## [What needs to be done]
Pictures left aside, return the lines below exactly, from the one with "Lauren online show from 12/14/24, 08:40" to the end, including both ends.

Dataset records
--*--

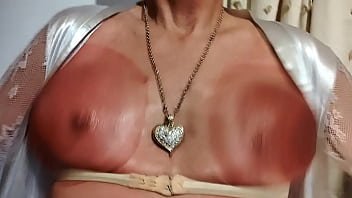 Fiona Fetished: bouncy tits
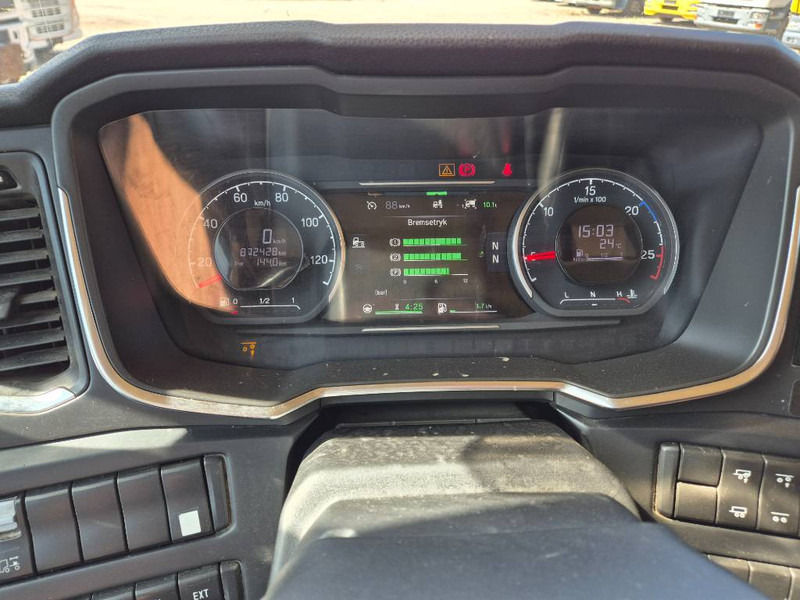 Tractor unit Scania R500 //6x2 // Big Hydraulic //Special interior: picture 13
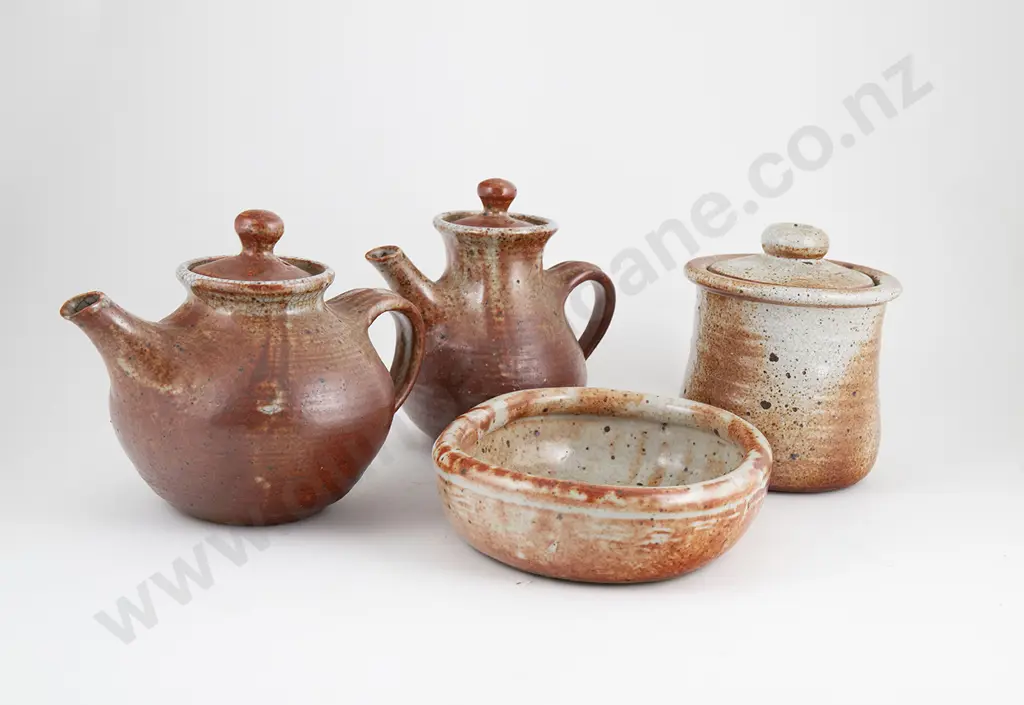 Lawrence Ewing lidded storage jar Image 1++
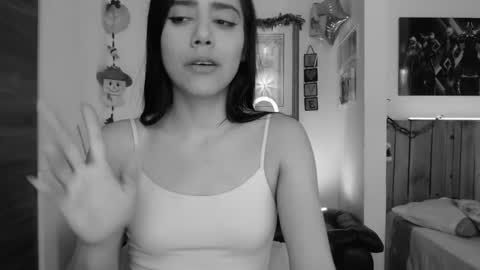 Lauren online show from 12/14/24, 08:40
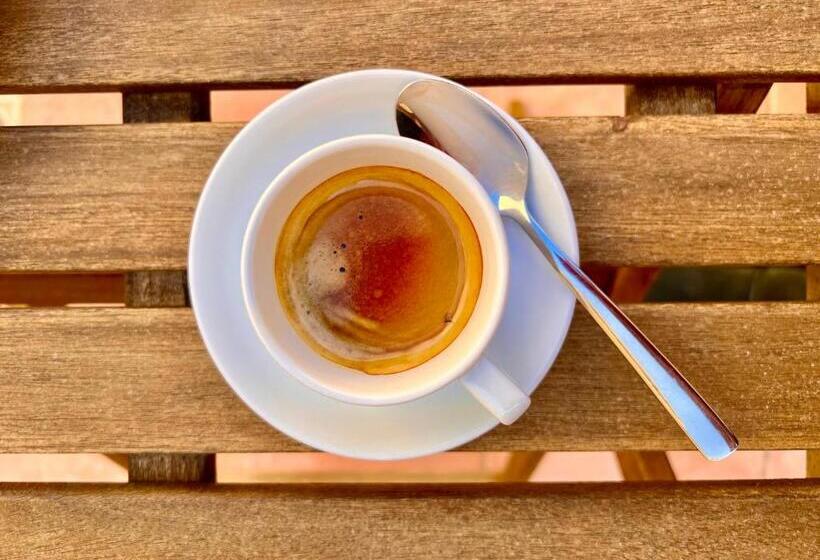 Grotto's Paradise B&b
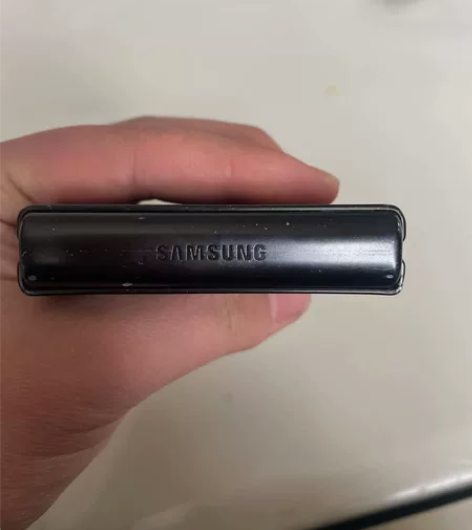 三星zfilp3韩版x 8+128  屏幕...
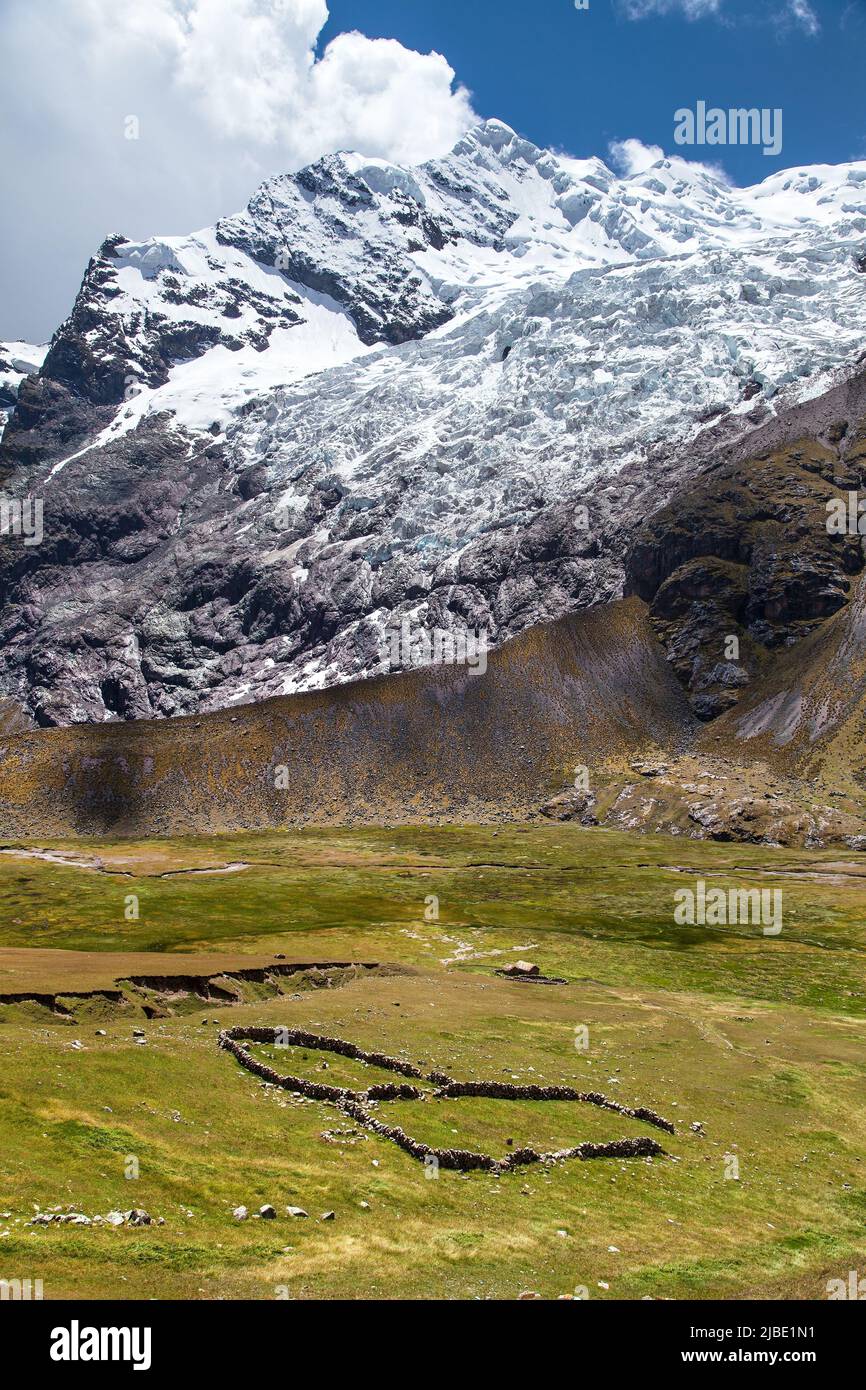 Sentiero trekking Ausangate, circuito di Ausangate, Cordillera Vilcanota, Cuzco regione, Perù, Ande peruviane paesaggio, Sud America Foto Stock
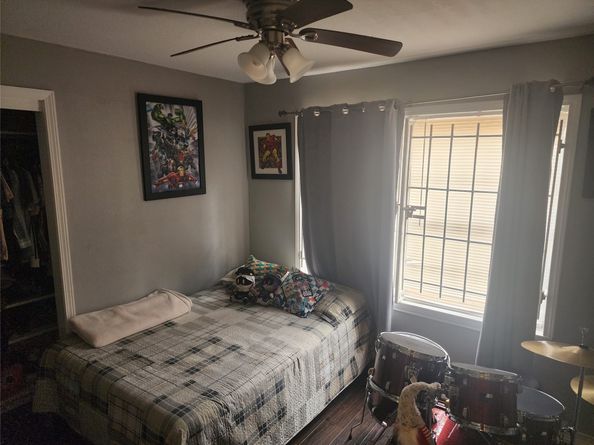 510 Edgebrook Drive, Houston TX 77034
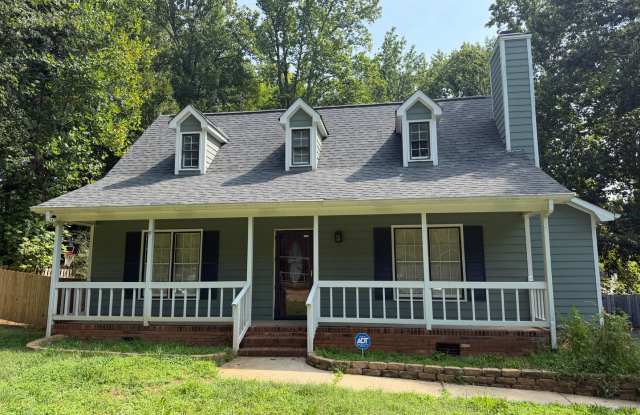 Spacious 4 Bedroom Home with Large Fenced Yard & Back Deck Gallery 1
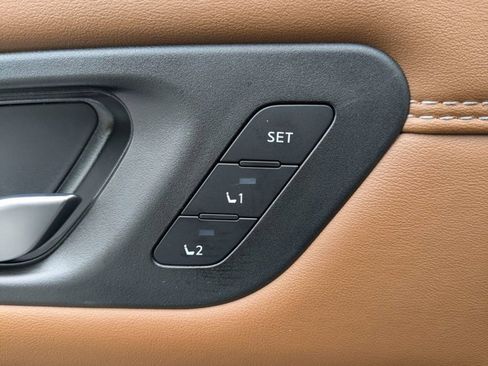 New 2025 Nissan Pathfinder Platinum w/ Cargo Package image 25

--*--

## [Answer area]
 Lauren online show from 12/14/24, 08:40
 Grotto's Paradise B&b
 三星zfilp3韩版x 8+128  屏幕...
 Sentiero trekking Ausangate, circuito di Ausangate, Cordillera Vilcanota, Cuzco regione, Perù, Ande peruviane paesaggio, Sud America Foto Stock
 510 Edgebrook Drive, Houston TX 77034
 Spacious 4 Bedroom Home with Large Fenced Yard & Back Deck Gallery 1
 New 2025 Nissan Pathfinder Platinum w/ Cargo Package image 25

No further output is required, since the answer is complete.